TASK: Look below for the line with "Firmin Vandewoude (Belgian, 1907–1994), Judith, Séduction" and the line with "How Can You"; repeat exactly those two lines and all lines between them, but no pictures.

DATA FOR PROCESSING:
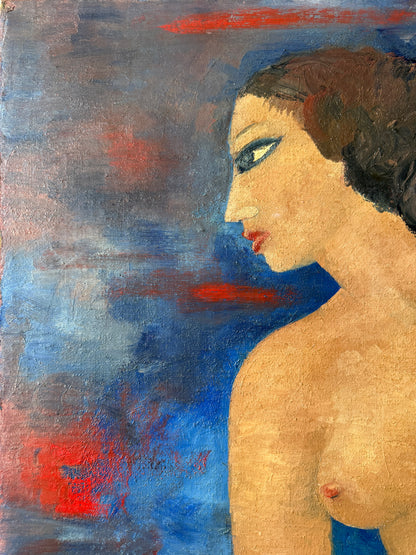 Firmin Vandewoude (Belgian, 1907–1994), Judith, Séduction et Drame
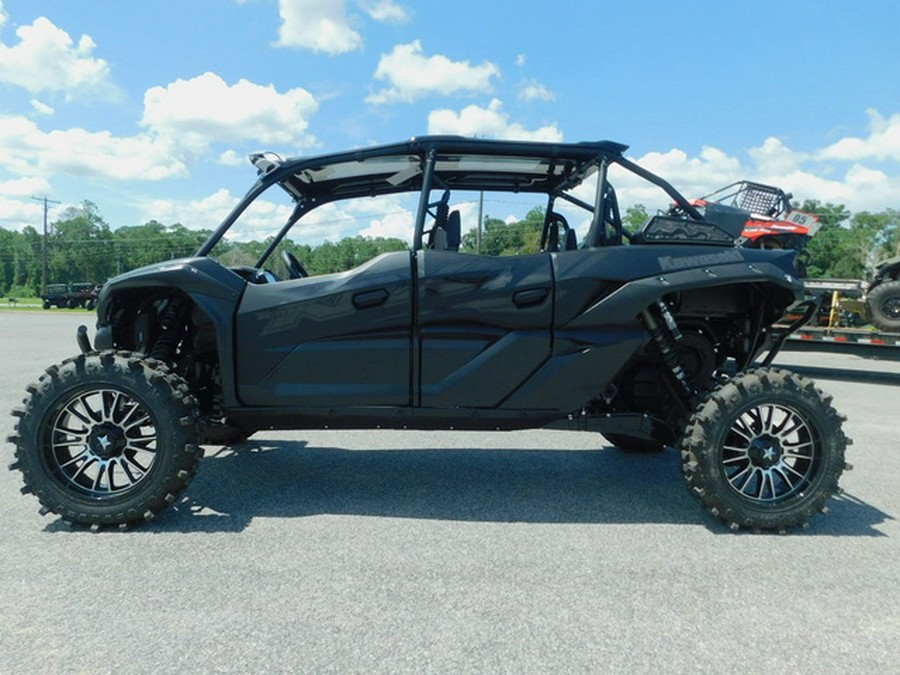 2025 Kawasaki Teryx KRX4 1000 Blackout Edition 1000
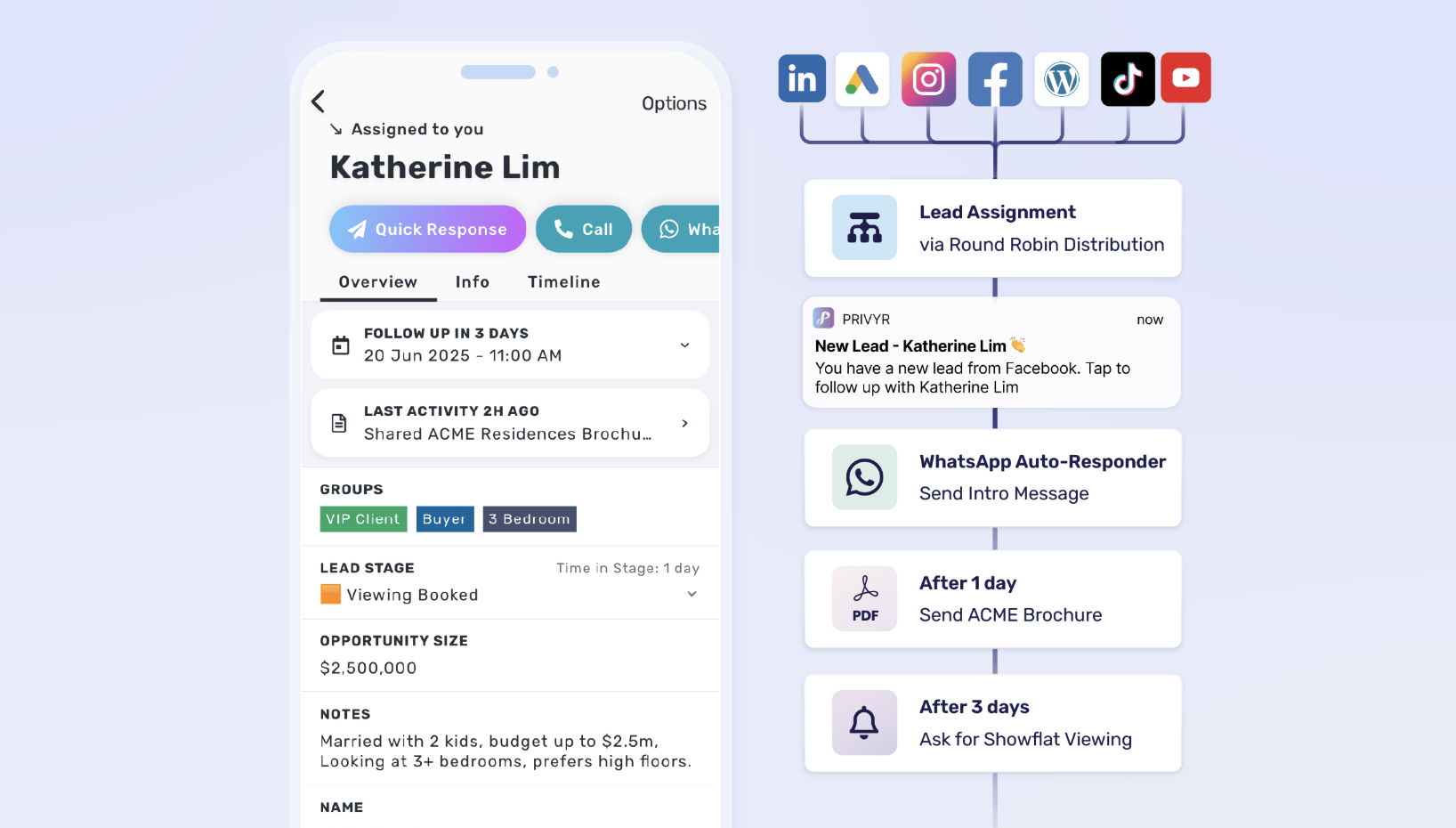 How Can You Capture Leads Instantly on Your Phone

---

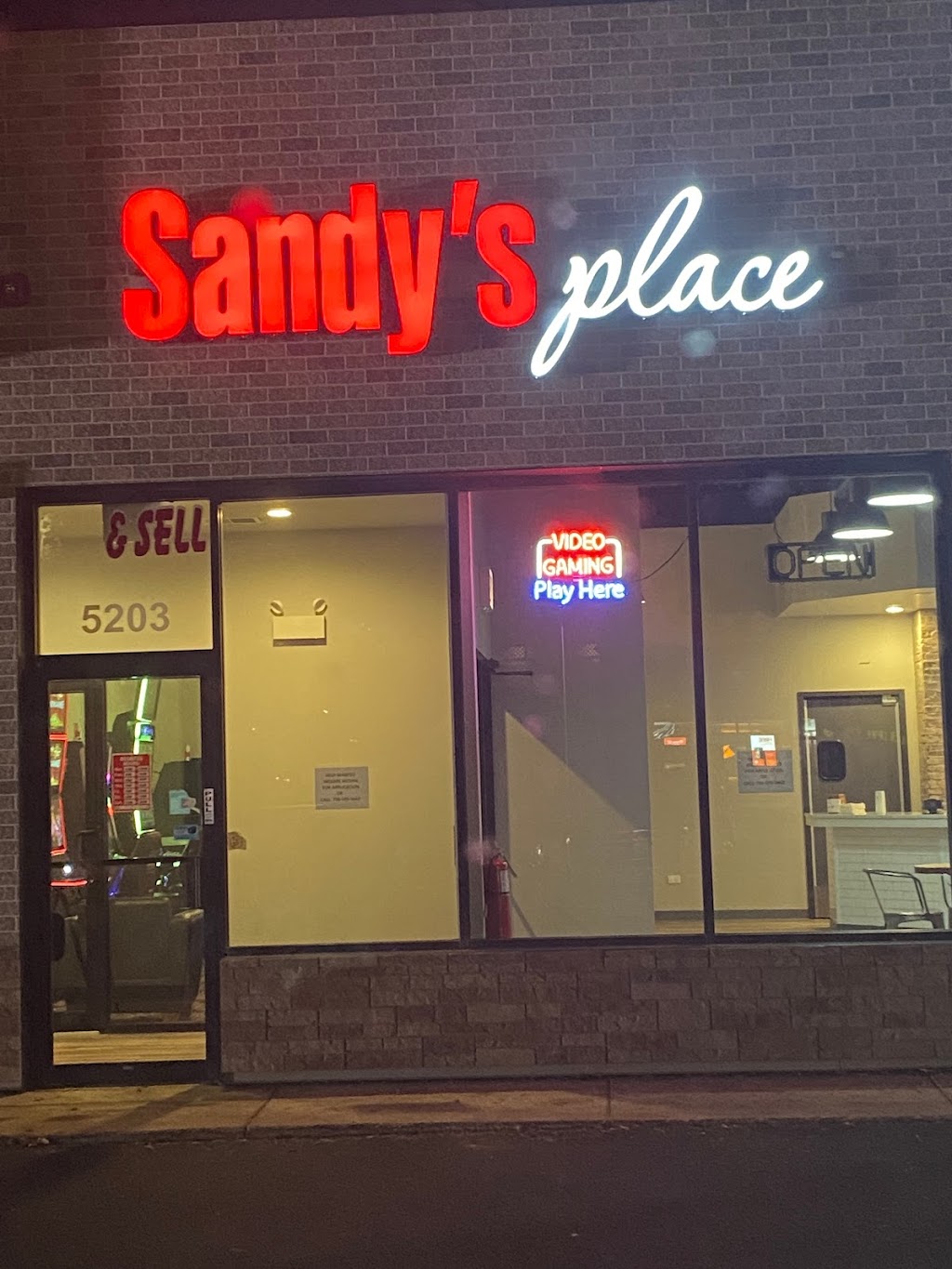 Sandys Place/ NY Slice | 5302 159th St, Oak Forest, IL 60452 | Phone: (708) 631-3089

TASK ANSWER:
 Firmin Vandewoude (Belgian, 1907–1994), Judith, Séduction et Drame
 2025 Kawasaki Teryx KRX4 1000 Blackout Edition 1000
 How Can You Capture Leads Instantly on Your Phone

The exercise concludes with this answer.